Not content to have run perhaps the best marathon of his career, John Izewski saw the finish line clock at the United States Olympic Men’s Marathon Trials on Saturday and was already doing the math.
Just three little seconds per mile faster on the course in Orlando, Florida and he might have been heading to Paris for the 2024 Summer Olympic Games as the third member of the American squad later this year.
Now that’s what you call an elite competitor.
The Central Bucks East High School graduate – who was later followed across the finish line by another CBE grad (Veronica Eder, 2:35, 34th overall in the women’s event) — wound up placing eighth overall in a speedy time of 2:11.09 but that still wasn’t quick enough to dispel thoughts of what might have been.
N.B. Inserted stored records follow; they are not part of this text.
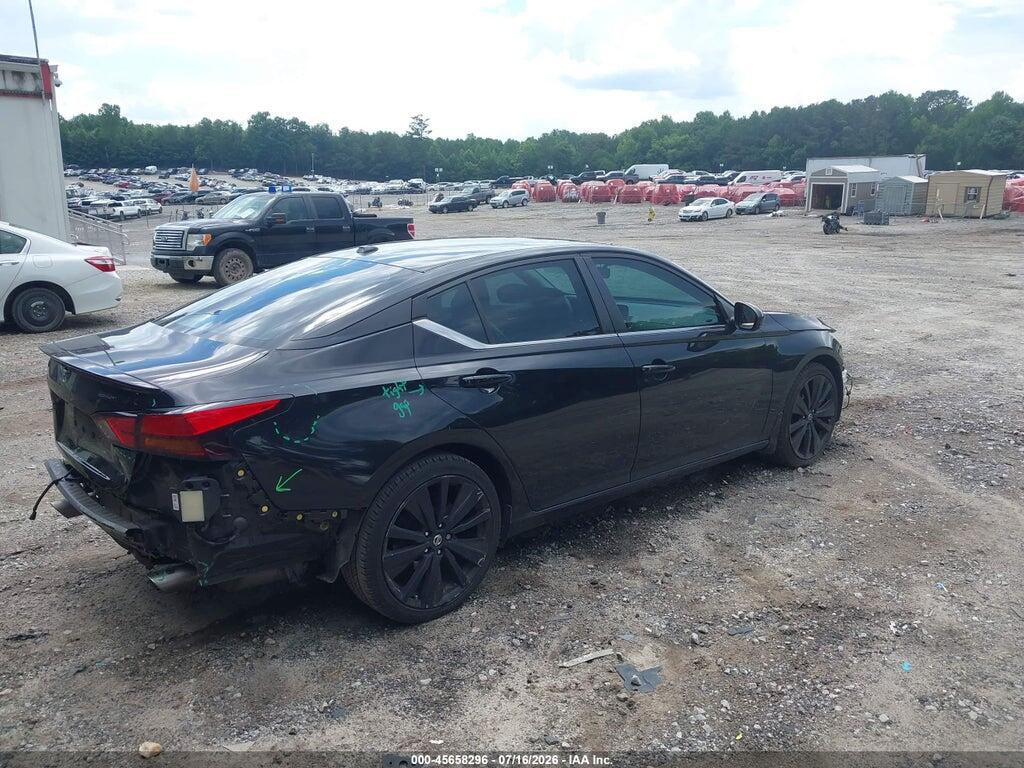 1N4BL4CV9NN301428 2022 NISSAN ALTIMA photo no. 4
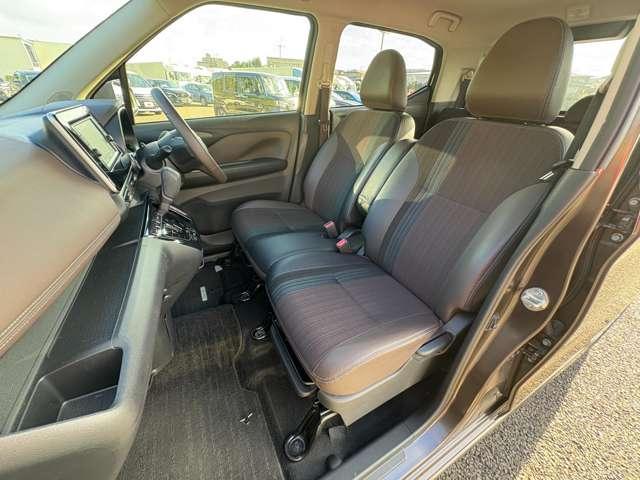 デイズ ハイウェイスター　Ｘ　禁煙！衝突被害軽ブレーキ！全方位カメラ！純正ナビ！ＢＴ！フルセグＴＶＴ！オートライト！ステアリングスイッチ！シートヒーター！スマートキー！キーレス！アイドリングストップ！ＬＥＤヘッドライト！純正ＡＷ！（16枚目）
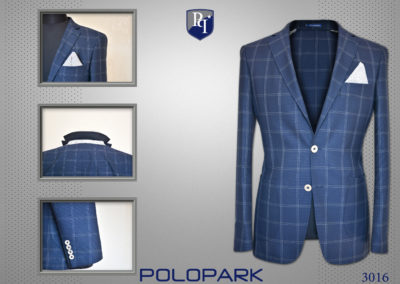 PoloPark 3016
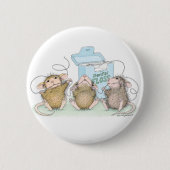 Haus-Maus Designs® - Buttone Button (Vorderseite)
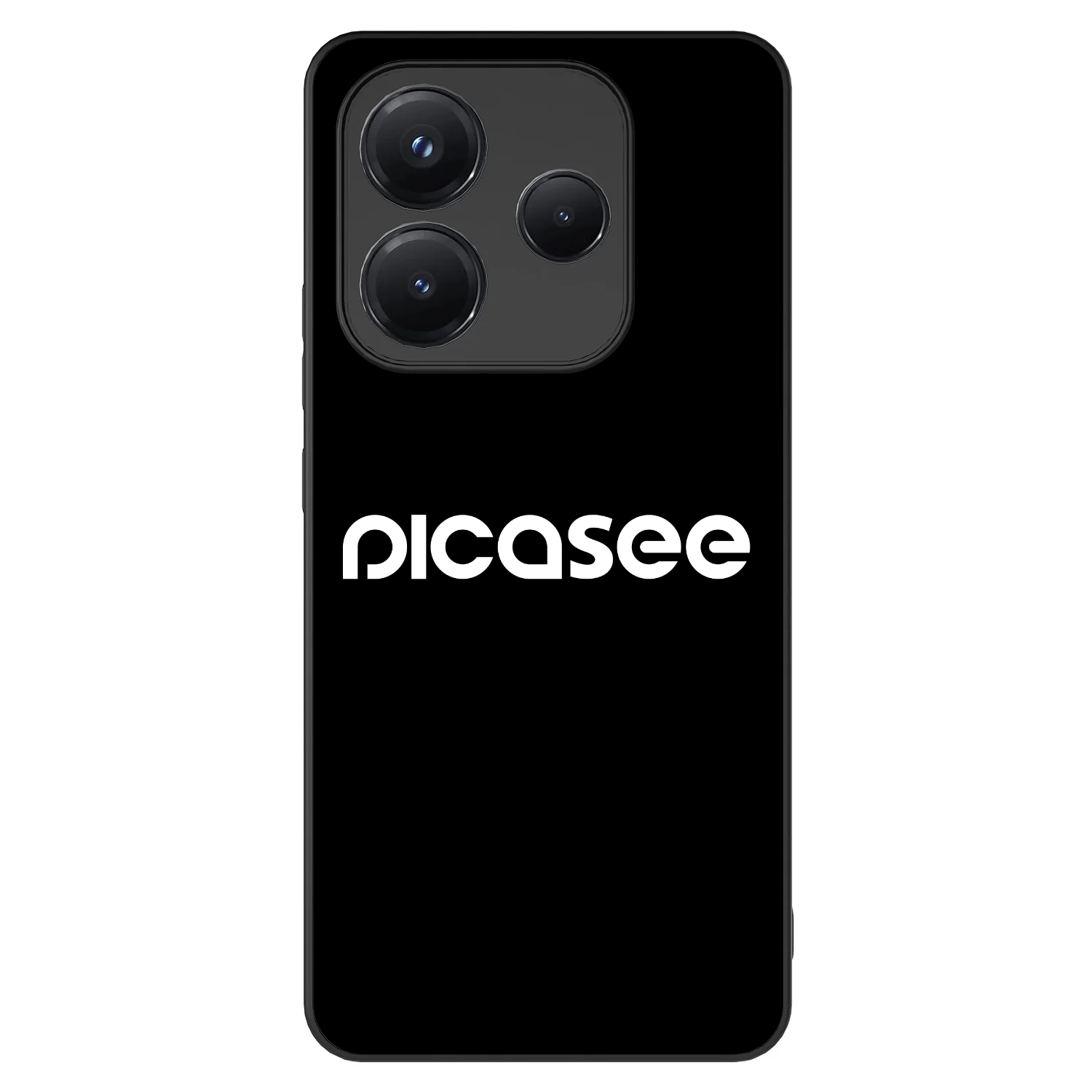 Picasee ULTIMATE CASE für Xiaomi Redmi Note 14 5G - Picasee - new logo - white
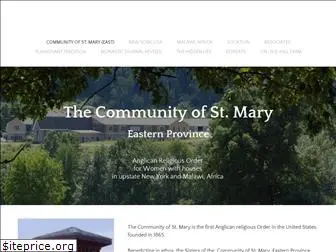 stmaryseast.net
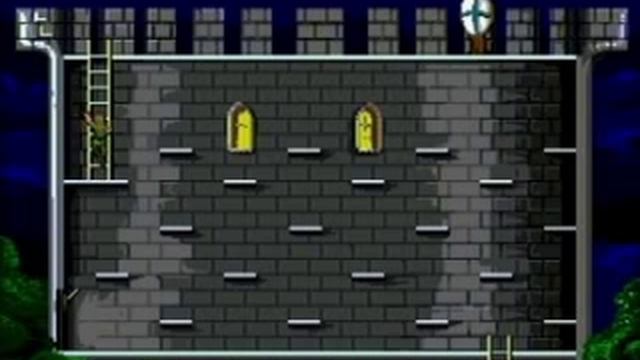 Прохождение Dark Castle. Часть 1 смотреть онлайн
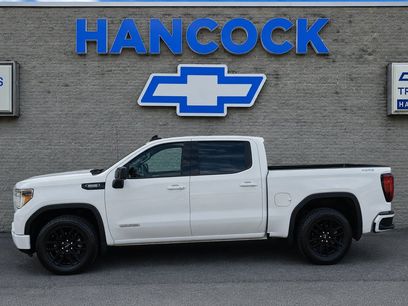 Used 2022 GMC Sierra 1500 Elevation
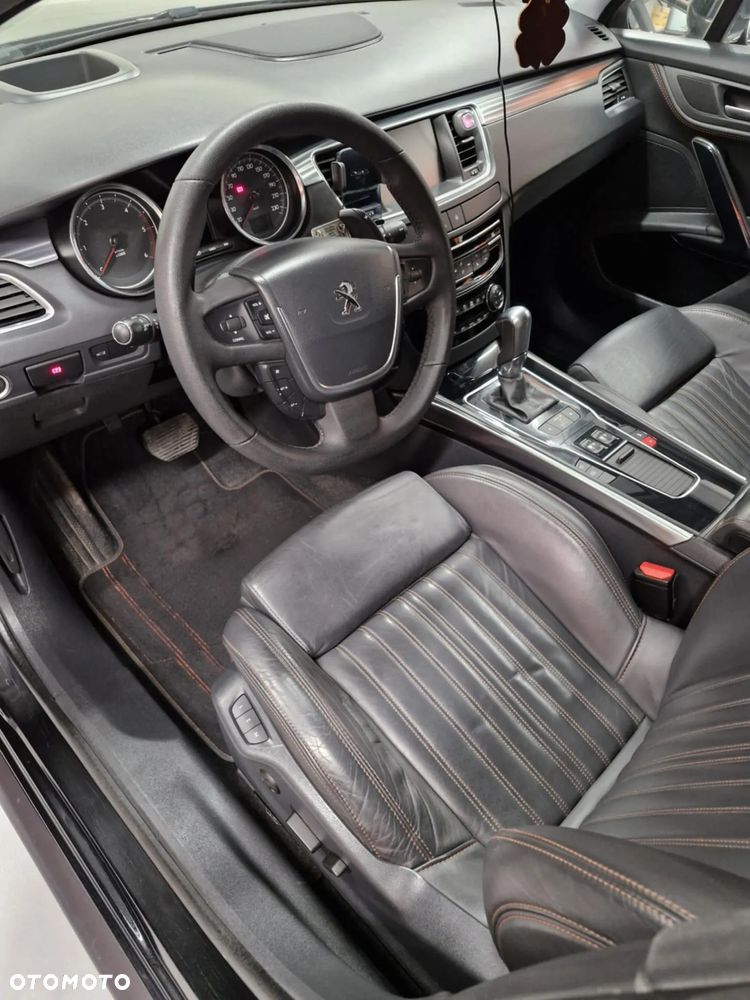 Peugeot 508 2.0 BlueHDi RXH S&S - 14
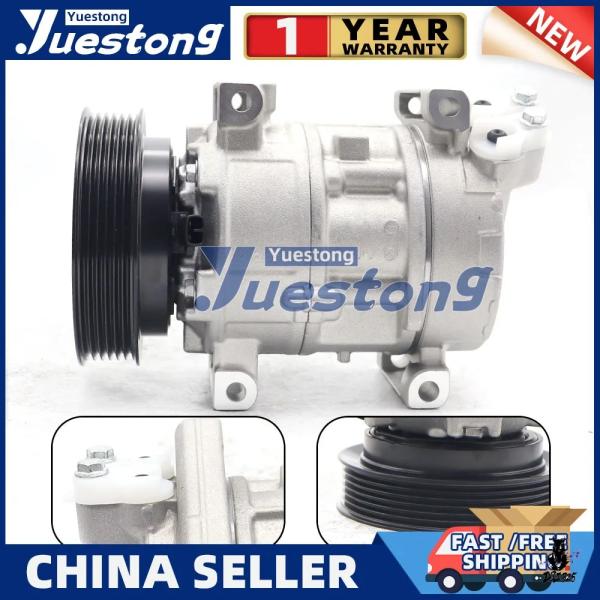 互換品 アストンマーティン V8 ヴァンテージ 4.7L 12-14年式用 ACコンプレッサー AD-0798N 447180-7460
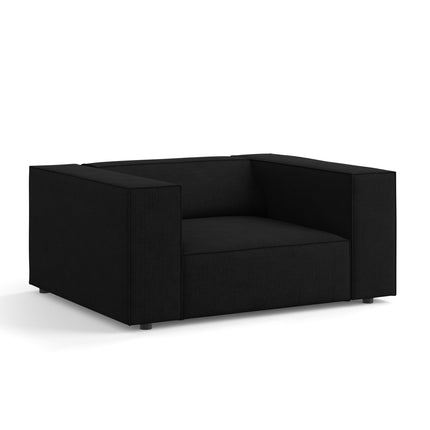 Armchair, Arendal, 1 Seater, Black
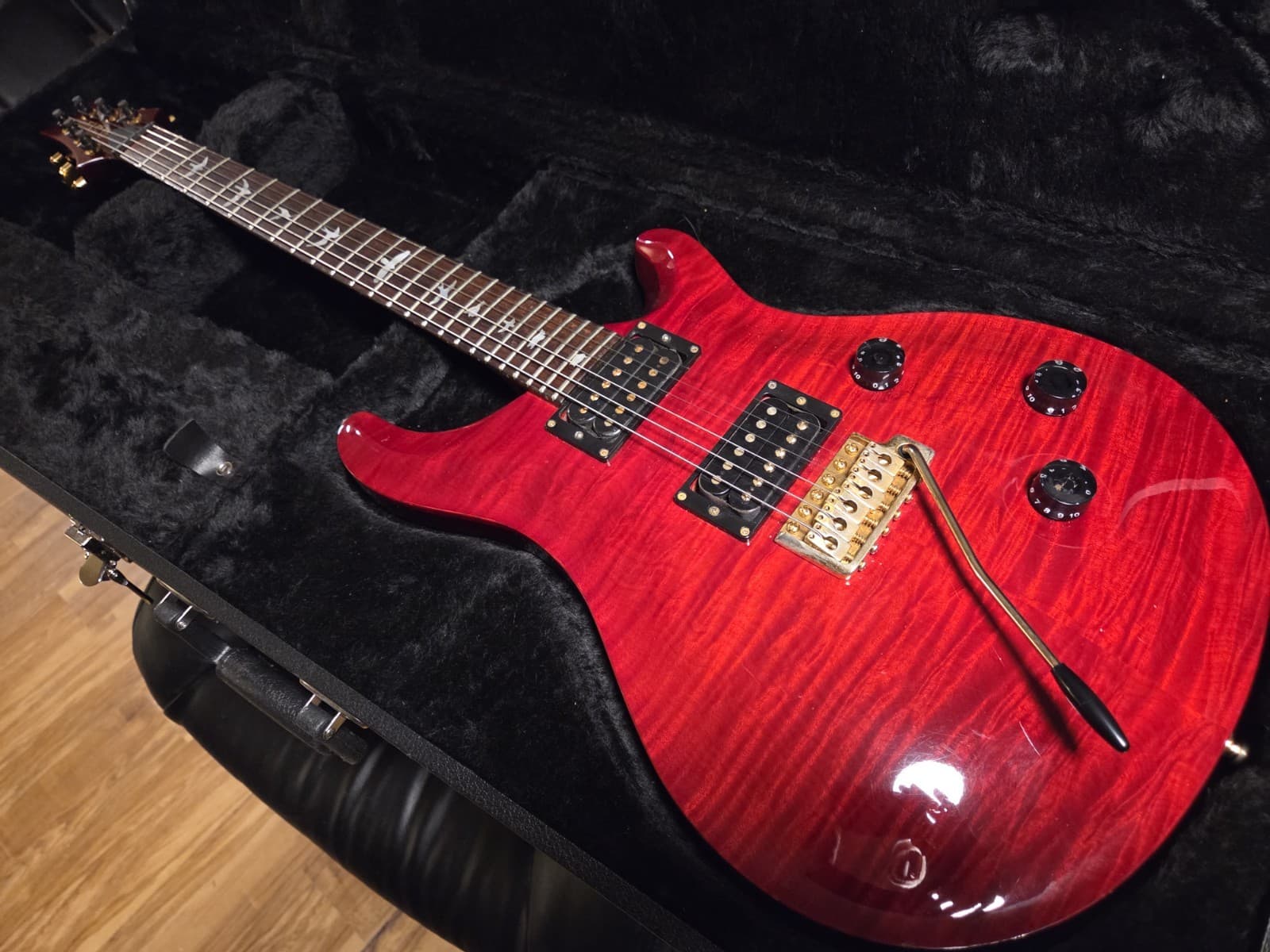 PRS Custom 24 10 Top 1993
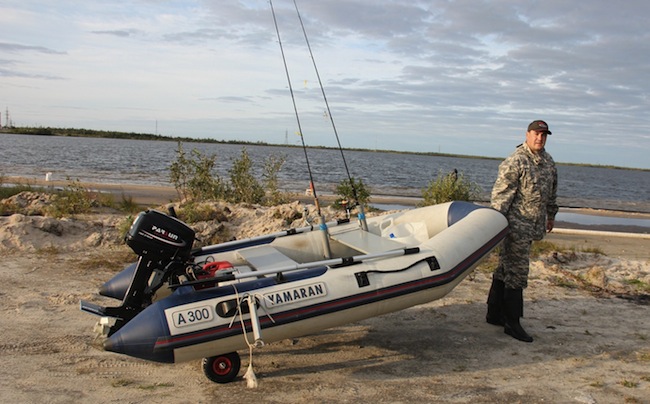 Як вибрати надувний човен і оснащення #7 - фото в блоге (гиде покупателя) hotline.ua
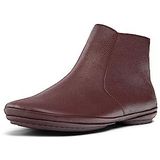 Camper Dames Right Nina Chelsea Boot, bordeaux, 40 EU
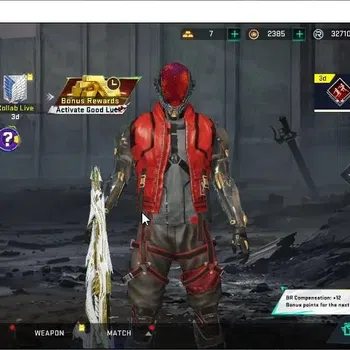 Blood Strike Accounts Collab Skin ASIA|ETERNAL M700 Seraph|Collab AOT Battle of Faith|Legendary M4A1 Venom,MP5 Explorer,KAG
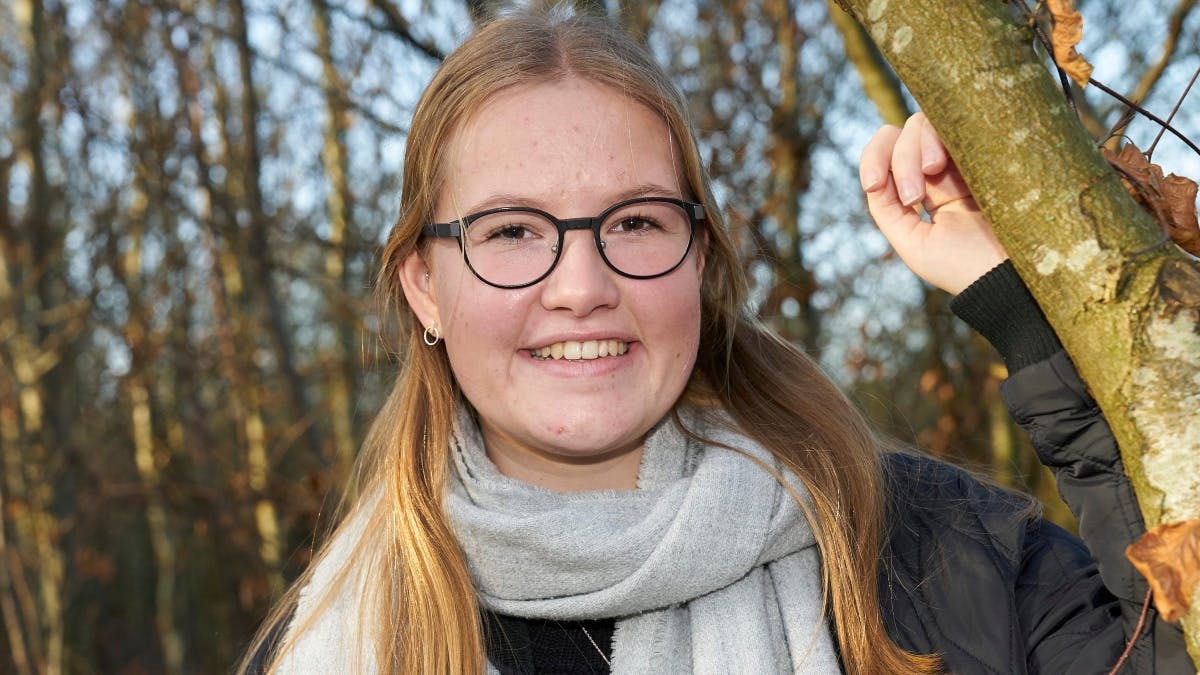 Emma Josefsen fotograferet i 2020. 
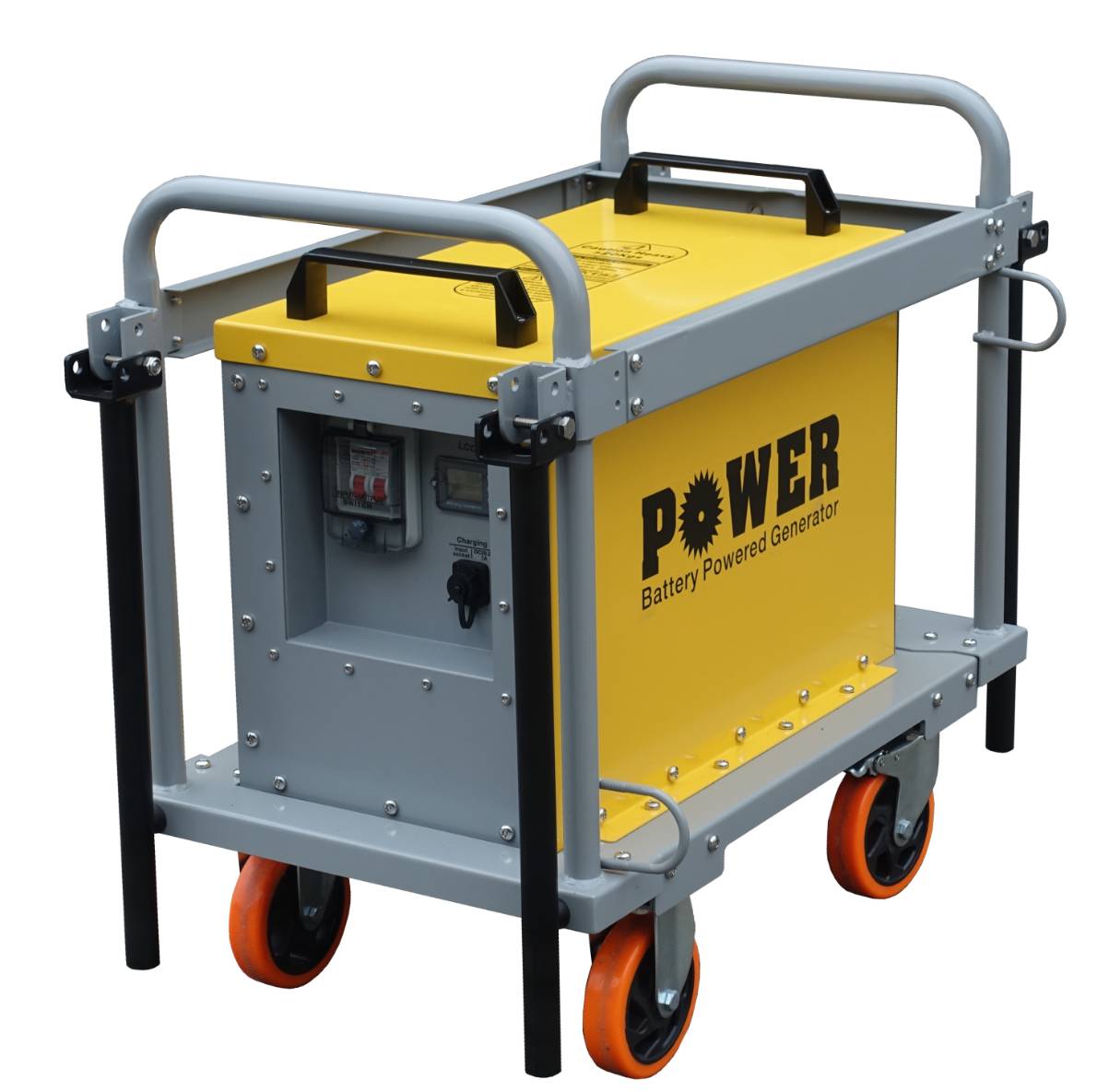 Battery Powered Generator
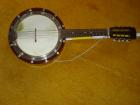 8 saitiges Banjo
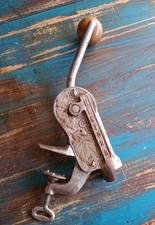 Antiker Automatik Tischkorkenzieher - HEKTOR 2 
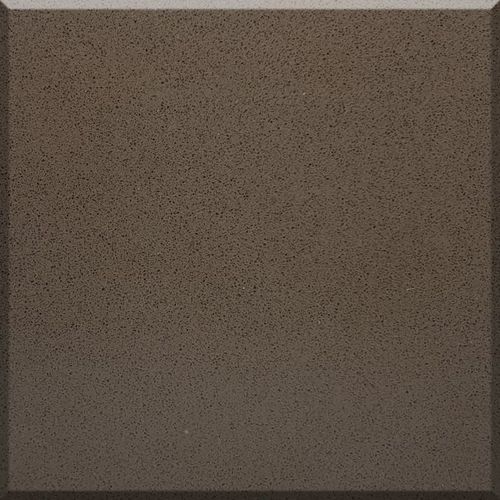 Placa de pedra em quartzo - 1710 Easy Bronze - OKITE - para cozinha / marrom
Unofficial third-place finisher Leonard Korir ran 2:09.57 and if that time holds up through May, he will be headed to France.
So, Izewski will have plenty of time to think about “what if,” even if it really isn’t fair to question himself.
“It’s a good feeling,” Izewski said of his overall performance in a telephone conversation late Saturday afternoon. “But the number I’ll be obsessing over for the next four years is ’72.’ Because that’s the number of seconds I was off finishing third.
“Less than three seconds a mile. When I saw that number I thought, ‘Man, I was so close.’ Just five places out. It might be a lot but runners are that way. I already told my coach I left about a minute out there. I should have gone at (mile) 20 but I didn’t go until 24 basically.”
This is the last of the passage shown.